The Crimson Petal and the White

The Crimson Petal and the White by Michel Faber 

Introduced by Anthony Daly, Clyro

I’ve always read a lot of books, a thousand or so every year, on average, mostly non-fiction nowadays, philosophical texts, but one of the best (most enjoyable) novels I’ve read in a long time is Michel Faber’s ‘Dickensian extravaganza’ (how else to describe it in two words?) The Crimson Petal and the White (Canongate, 2002).

The Dutch author, brought up in Australia, now living in the highlands of Scotland, has published other best-sellers, such as The Fahrenheit Twins and the Whitbread-nominated Under the Skin, neither (none) of which is half as good (or as weighty) as this one. “When a book is big,” opines the jacket blurb (a quote from Alice Sebold’s review) “it had better be good.  This one is.  Dive in. Enjoy!” A sound recommendation, in my view.

A while before discovering the book (or the author) I caught a four-part BBC adaption on TV (2011) which was visually good and well-acted, but nowhere near as penetrating (character-wise) as the original, and thus with hindsight comparatively boring,  even melodramatic. The book is neither; anything but. But reading it,  I couldn’t (quite) shake off the aforeseen presentation,  especially the physical appearance of the main characters.  Whether this was a benefit or not,  I’m undecided. The jury is still out.
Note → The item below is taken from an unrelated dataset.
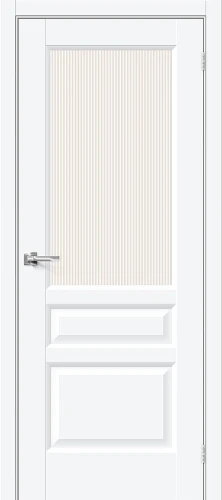 Межкомнатная дверь ПЭТ BRAVO Неоклассик-35 White Silk Magic Moru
The heroine, Sugar, is hardly sweet or saccharine; a precocious nineteen-year-old prostitute in mid-Victorian London who (day)dreams (in detail) of butchering her clients instead of pandering to their odious demands.  More Lisbeth Salander (The Girl With the Dragon Tattoo) than Sonia (from Crime and Punishment). She eventually meets and inveigles her way into the affection of a wealthy middle-aged business man (a prominent manufacturer of soaps and perfumes) who becomes infatuated by her (her evident sophistication rather than any overt sexiness) and determines to ‘keep’ her all to himself, in the luxury she’s never had, but always had a hankering for. Her ‘sugar daddy’ in effect; someone (a man) she can easily outmanoeuvre when she needs to.
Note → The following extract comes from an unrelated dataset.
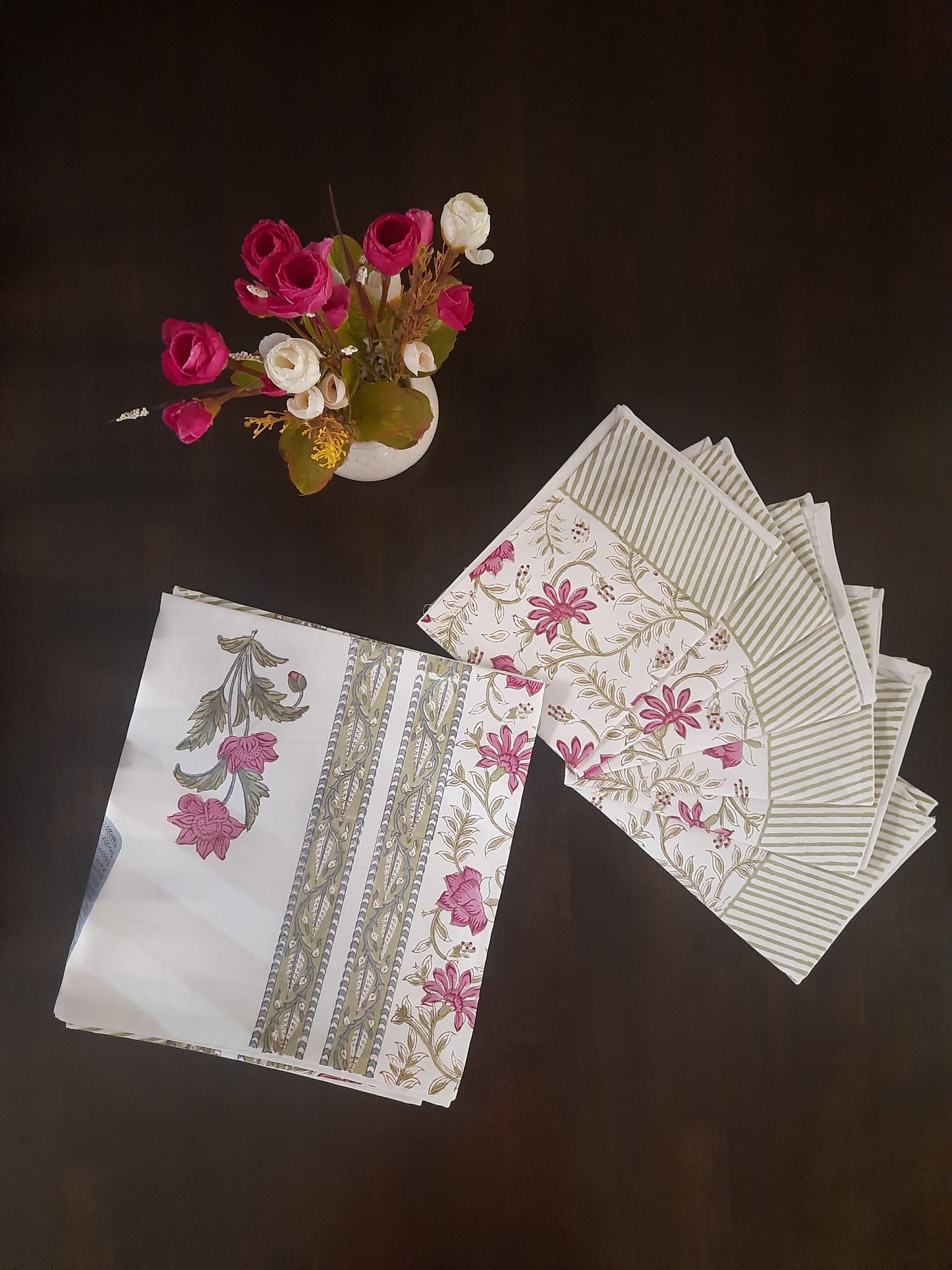 WHITE & PINK BLOCK PRINTED TABLE PLACEMATS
Increasingly, almost against her will, she becomes involved in his (immediate) family’s lives, especially his (beautiful but loony) young wife’s and their (neglected) daughter’s; their apparent salvation as they are also hers (seemingly).  The plot or storyline takes care of itself, with several sub-plots as well, but the narrative voice (the novel as a whole) is a matter of ‘Trust[worthiness]’ according to the author in an interview. This (seductive) invitation to follow,  enter the (dark luridly-lit) passages, turn the next page, whatever the risk, is very beguiling (even irresistible, so attractive are the main characters, one way or another, especially the (increasingly heroic) heroine). 
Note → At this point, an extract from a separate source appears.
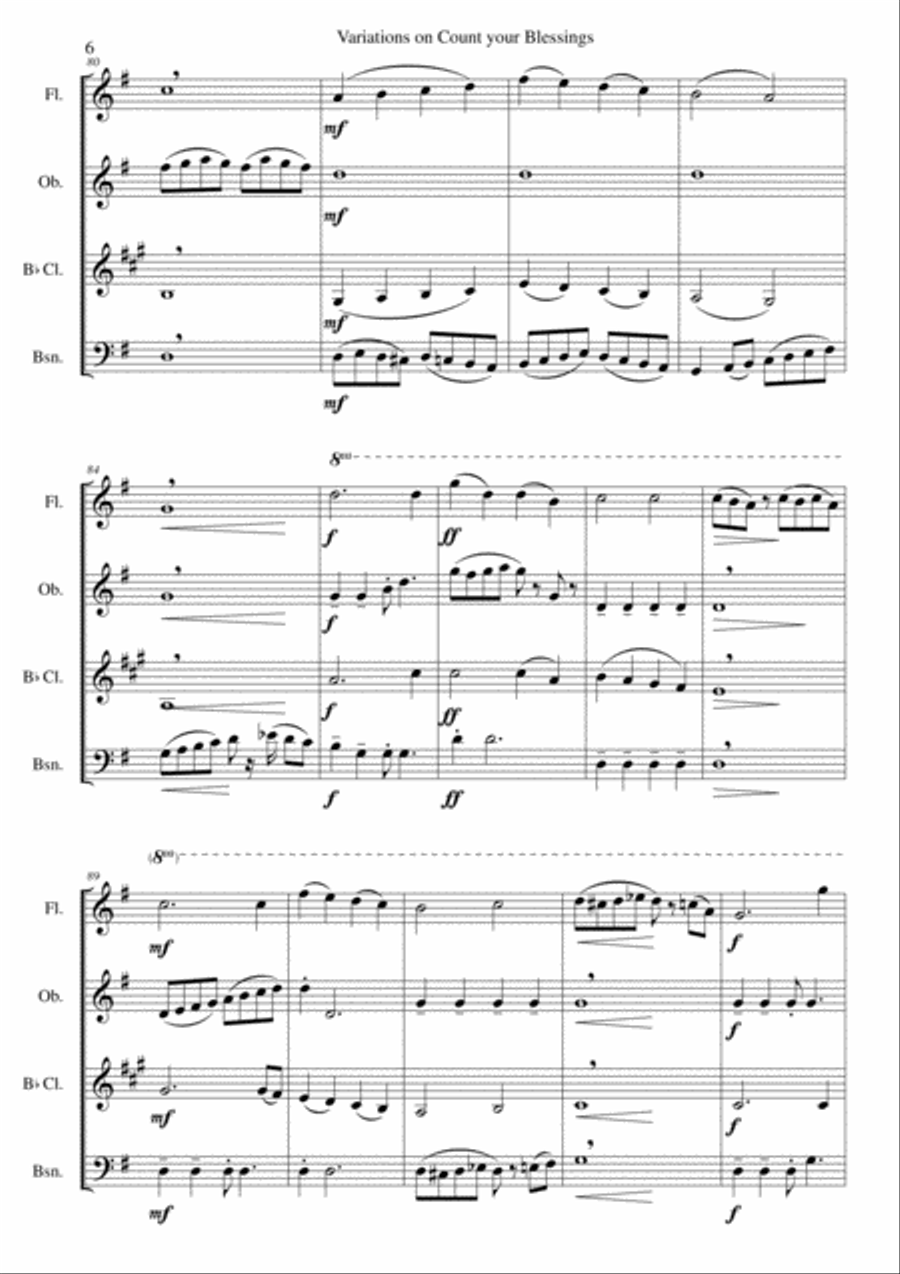 Variations on Count your Blessings for wind quartet Woodwind Quartet scores gallery preview page 6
If you like long works which leave you longing they were longer,  I suspect you may relish this one as much as I have.
Here is how it begins (the first paragraph):

‘Watch your step. Keep your wits about you; you will need them. This city that I am bringing you to is vast and intricate, and you have not been here before. You may imagine, from other stories you’ve read, that you know it well, but those stories flattered you, welcoming you as a friend, treating you as if you belonged. The truth is that you are an alien from another time and place altogether.’